Tuesday, April 23, 2013

Day 161

          My life has been a blur recently. I'm not living up to my own expectations. I think I'm done with expectations. It's good to have hopes and dreams, but I expect far too much of myself. I have done incredible things in my life time. I'm not a super hero or a demigod. I am, however, full of magic and mystery.  I think our society's obsession with perfection, and super heroes with inhuman powers all stem from the same feelings of inadequacy, nothing more. We are beautiful just the way we are, in every aspect that we are. Those feelings of inadequacy form darkness within us where there was originally none. Look at our school system, we test memorization, not application.
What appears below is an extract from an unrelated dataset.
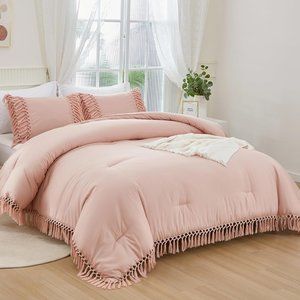 Blush Pink Boho Tassels Queen Size Bed Comforter Shams Bohemian Bedding Set New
Students can cheat in school, but you cannot really cheat in real life; you can Google just about anything you don't know and your employer likes that you take initiative to learn something you didn't originally  There is something terribly wrong with our school systems and it is a reflection of what is wrong with our society.
          I am taking back my expectations. I refuse to live my life in accordance with others. I have a good heart, and when there isn't any pressure to be perfect, I flourish. So, why should I constantly suffer through feelings of inadequacy because I'm an not what others want? I will decide what I want, what is best for me, and how the hell to live my life. Anything else would be makings of unhappiness.

Lesson:

Do not live your life in accordance with others' expectations.